Materials provided: Begin

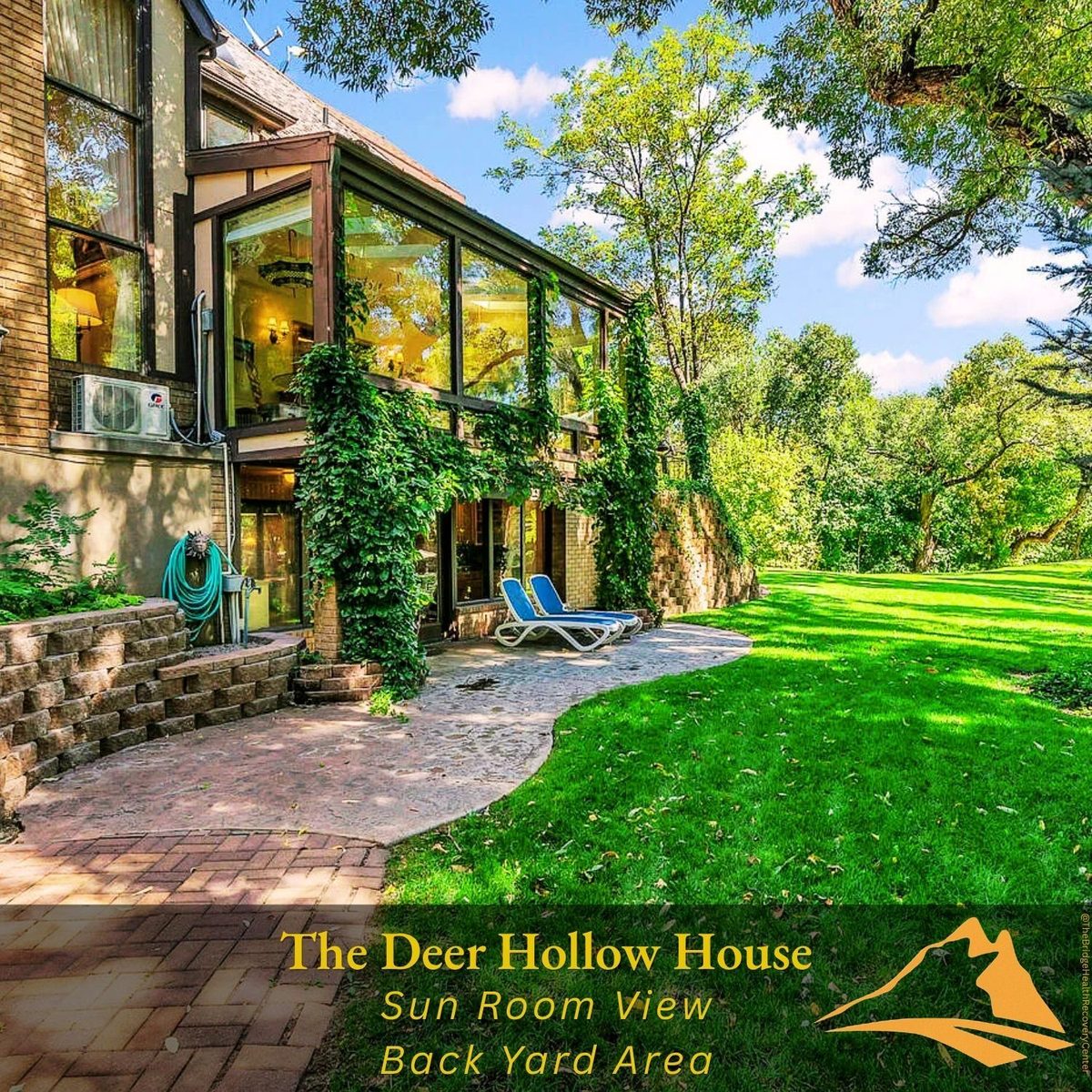 Covered back patio with fire pit at The Deer Hollow House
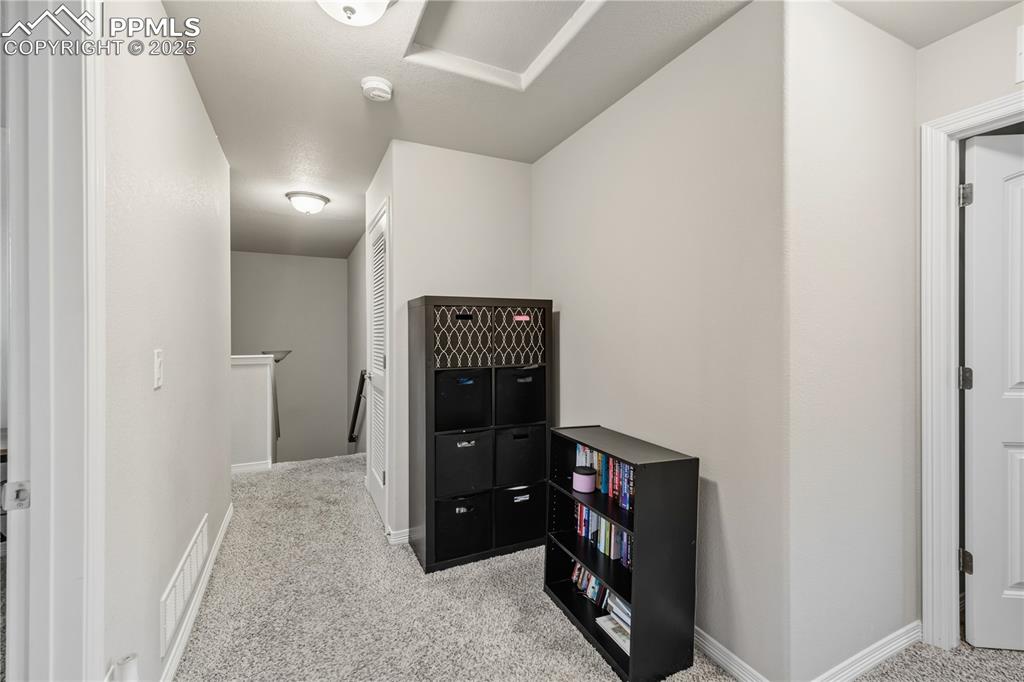 Image 30 of 33: Hallway with light carpet and an upstairs landing
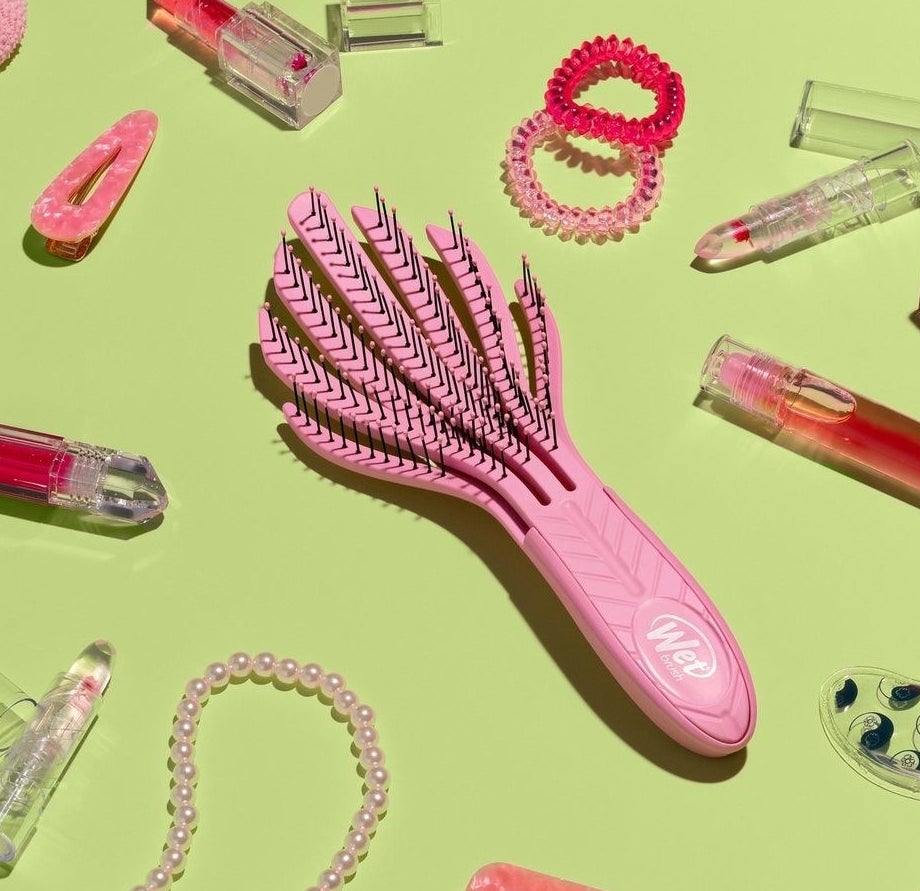 The brush on a table with accessories and beauty products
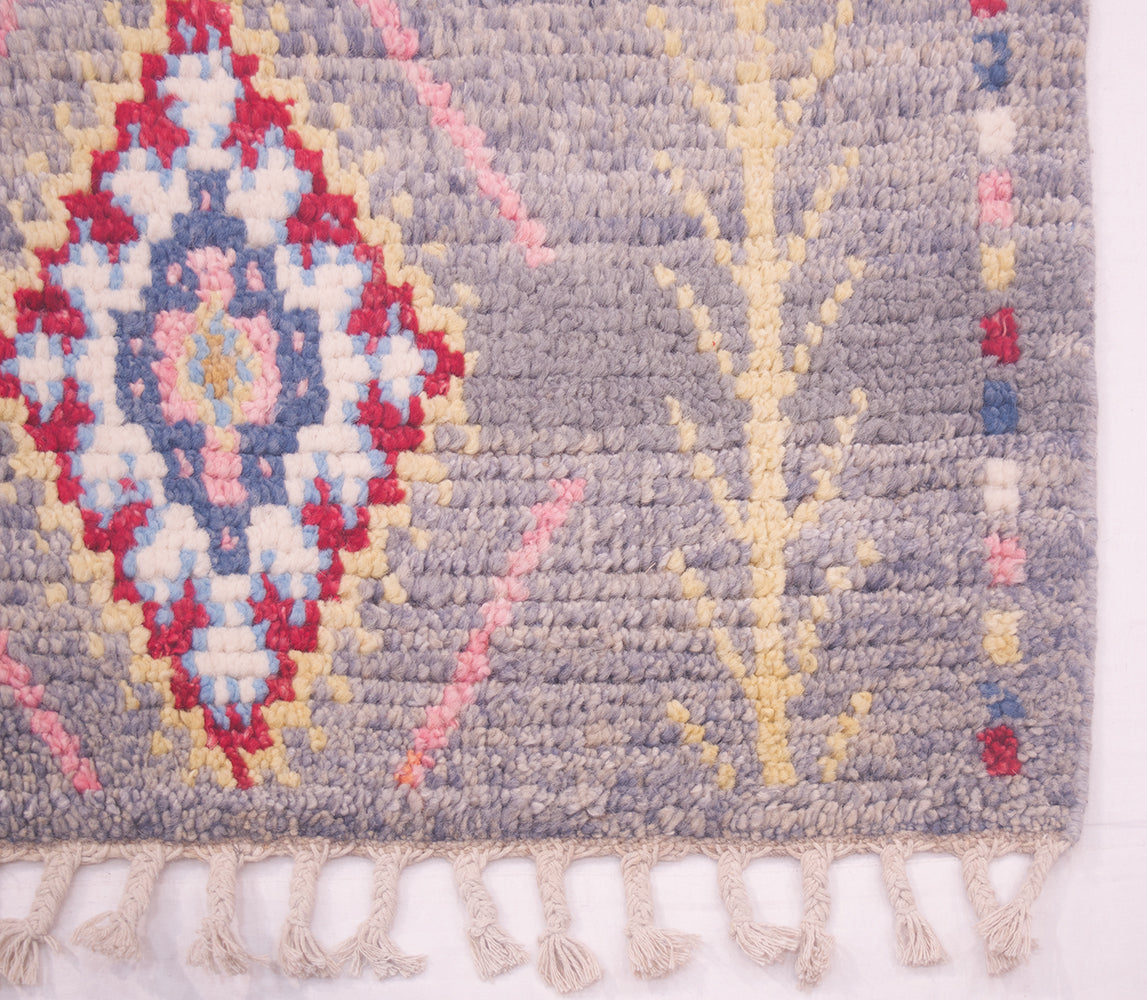 A close-up of a handwoven Moroccan-style Afghan rug corner showing a grey base with a multicolour diamond medallion pattern in red, cream, blue, and pink, plus a cream branch motif and fringe tassels along the bottom edge.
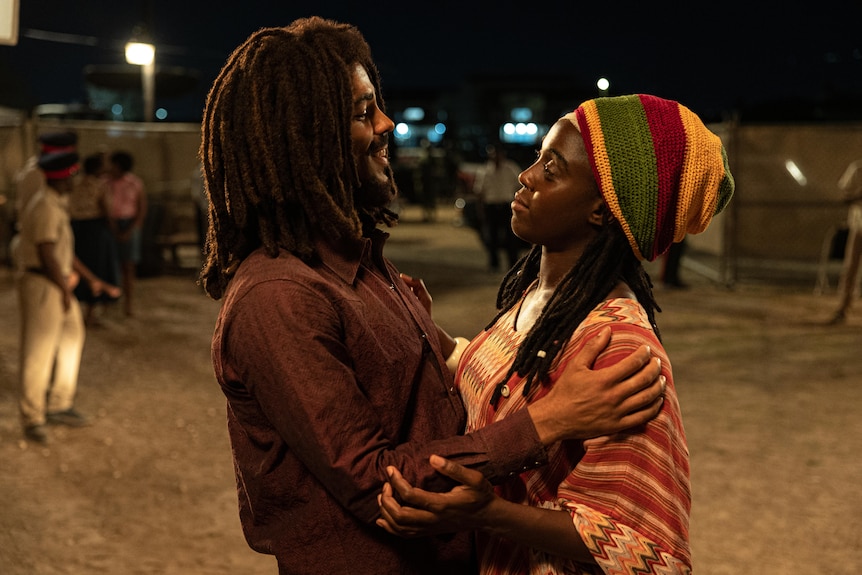 Two actors in an embrace, one with a colourful beanie on and braids, the other with Bob Marley's signature hair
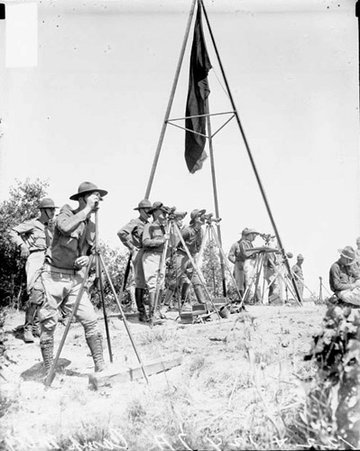 Soldiers from the 122nd and 124th Field Artillery Regiments standing behind viewing instruments mounted on tripods next to a pole frame on a field at Camp McCoy - Chicago Daily News, Inc.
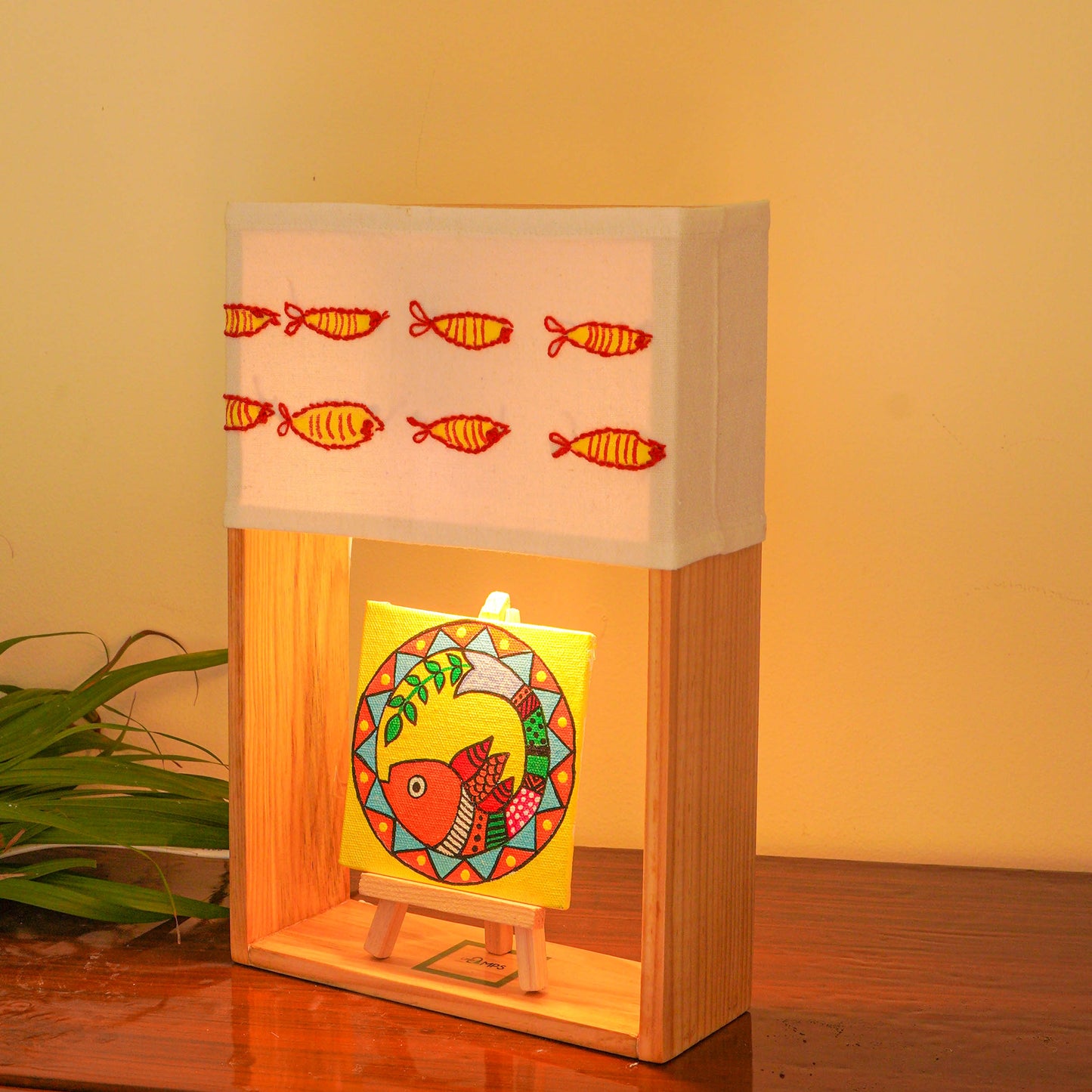 Pine Glow Madhubani Charm Lamp – Hand-Painted and hand embroidered Wooden Table Lamp with Fish Motif
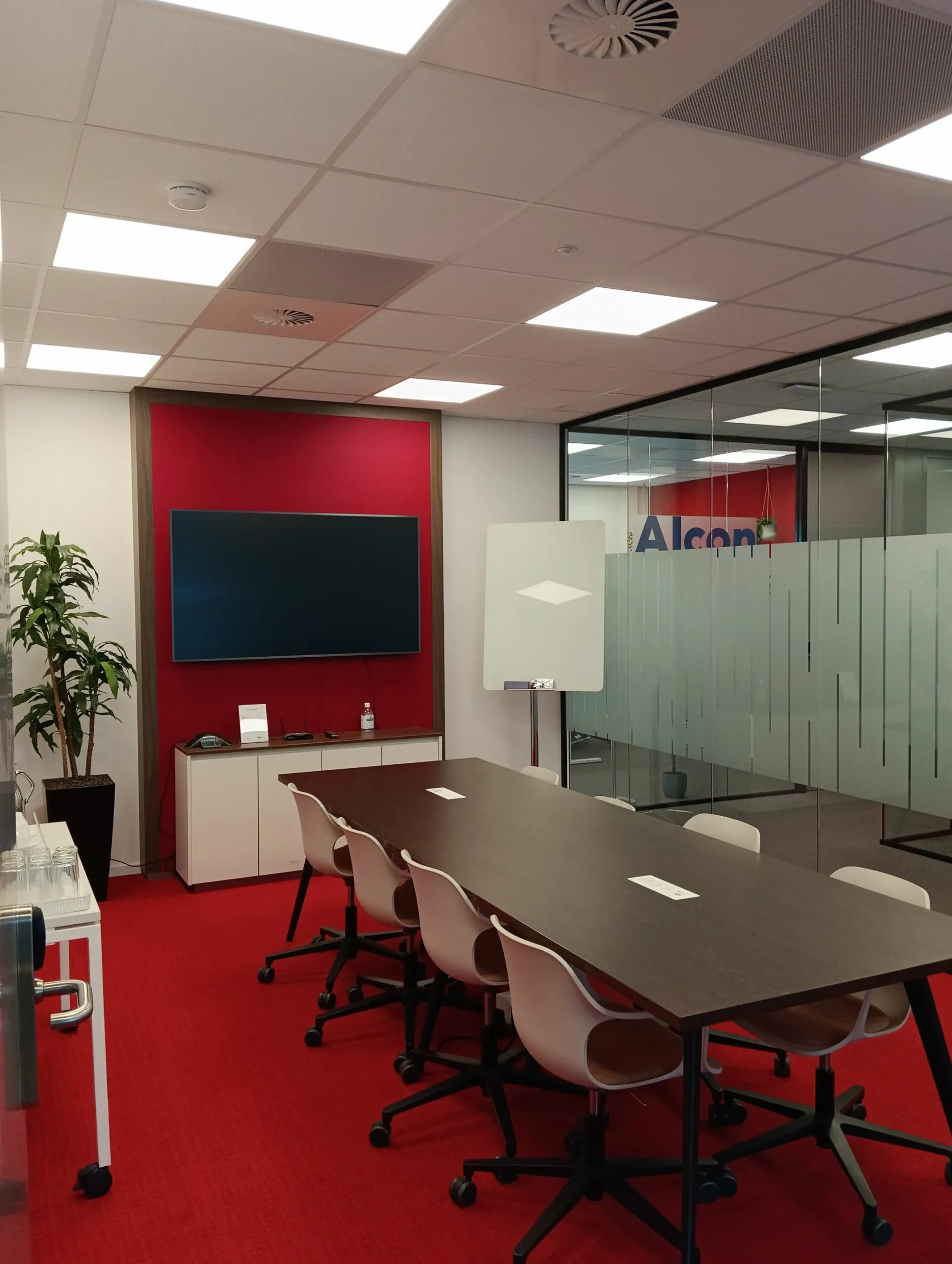 Vergaderruimte aan de Papendorpseweg 75 met rode vloerbedekking, een lange tafel, stoelen, een flatscreen en glazen wanden.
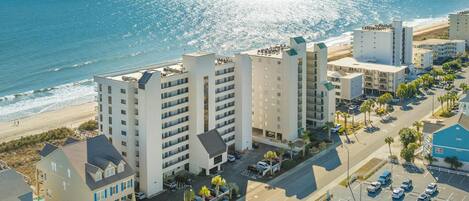 A coastal hotel with multiple buildings, a parking lot, and a beach view.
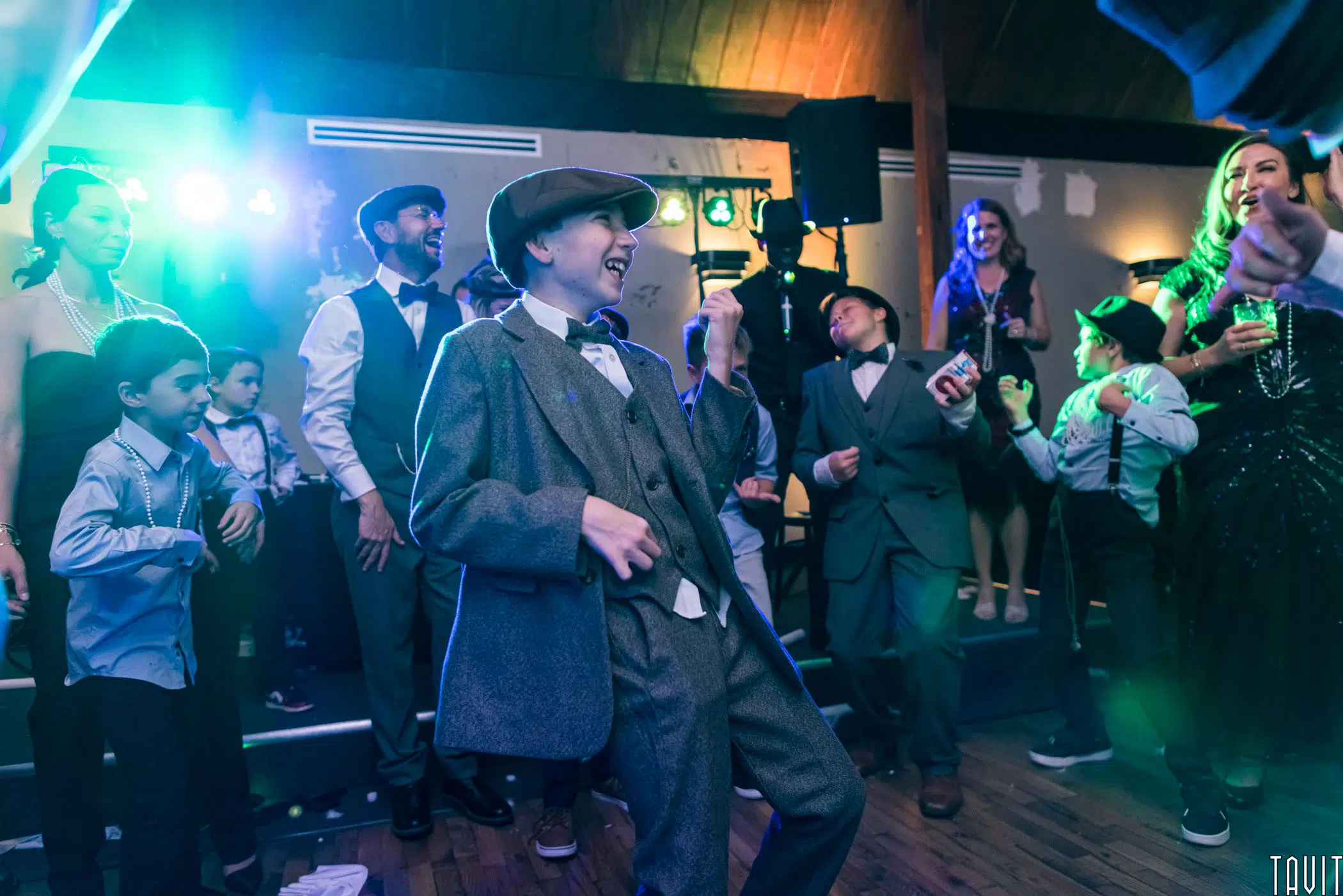 A young boy in a vintage suit and cap dances enthusiastically at a lively indoor corporate event, surrounded by children and adults in festive attire under colorful lights.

Materials provided: End

=== Task to carry out ===
Copy all the entries above exactly as they stand, except for the pictures.

=== Response box ===
 Covered back patio with fire pit at The Deer Hollow House
 Image 30 of 33: Hallway with light carpet and an upstairs landing
 The brush on a table with accessories and beauty products
 A close-up of a handwoven Moroccan-style Afghan rug corner showing a grey base with a multicolour diamond medallion pattern in red, cream, blue, and pink, plus a cream branch motif and fringe tassels along the bottom edge.
 Two actors in an embrace, one with a colourful beanie on and braids, the other with Bob Marley's signature hair
 Soldiers from the 122nd and 124th Field Artillery Regiments standing behind viewing instruments mounted on tripods next to a pole frame on a field at Camp McCoy - Chicago Daily News, Inc.
 Pine Glow Madhubani Charm Lamp – Hand-Painted and hand embroidered Wooden Table Lamp with Fish Motif
 Vergaderruimte aan de Papendorpseweg 75 met rode vloerbedekking, een lange tafel, stoelen, een flatscreen en glazen wanden.
 A coastal hotel with multiple buildings, a parking lot, and a beach view.
 A young boy in a vintage suit and cap dances enthusiastically at a lively indoor corporate event, surrounded by children and adults in festive attire under colorful lights.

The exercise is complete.